§ **WHAT YOU SHOULD DO**
Return the listing in full and exactly, but without a single picture.

::::

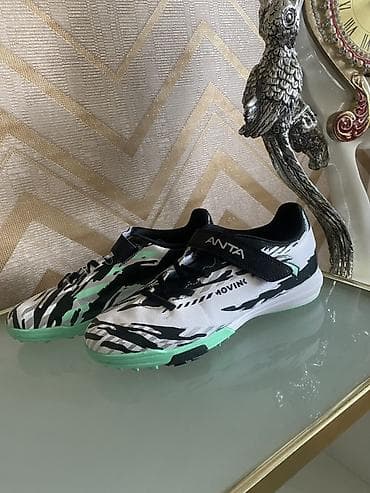 ağ şalvar: ANTA “MOVING” qaçış idman ayaqqabısı .125 manata alinib 30 manata — 1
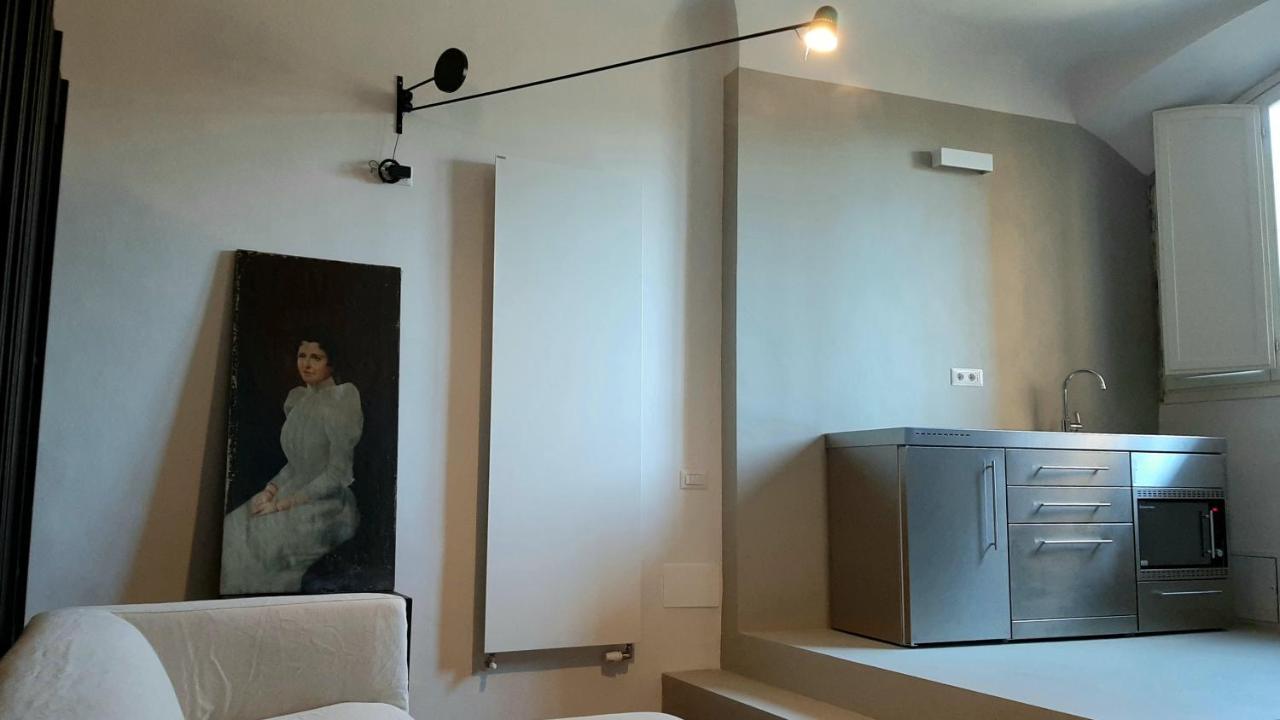 Apartament Palazzo Larioni Dei Bardi Florencja Zewnętrze zdjęcie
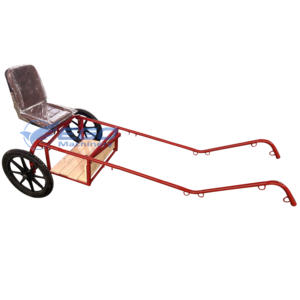 รถม้า2ล้อสำหรับเดินทางวิ่งมาราธอน - Product Image 1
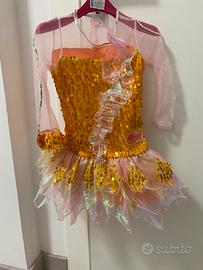 Costume carnevale winx deals stella bambina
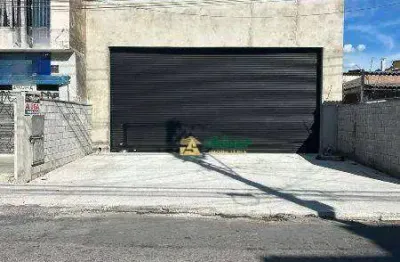 Galpão para alugar, 220 m² por R$ 8.000,00/mês - Jardim Tranqüilidade - Guarulhos/SP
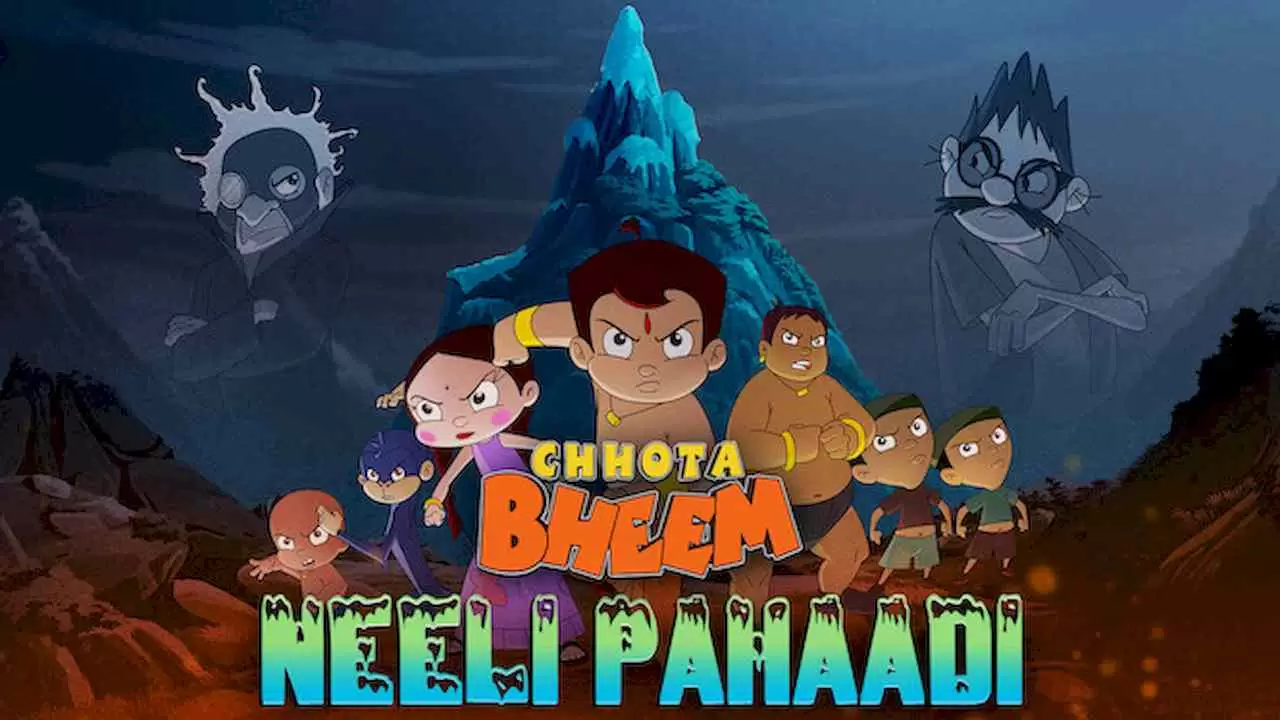 Chhota Bheem – Neeli Pahaadi2013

::::

§ **TASK ANSWER**
 ağ şalvar: ANTA “MOVING” qaçış idman ayaqqabısı .125 manata alinib 30 manata — 1
 Apartament Palazzo Larioni Dei Bardi Florencja Zewnętrze zdjęcie
 รถม้า2ล้อสำหรับเดินทางวิ่งมาราธอน - Product Image 1
 Costume carnevale winx deals stella bambina
 Galpão para alugar, 220 m² por R$ 8.000,00/mês - Jardim Tranqüilidade - Guarulhos/SP
 Chhota Bheem – Neeli Pahaadi2013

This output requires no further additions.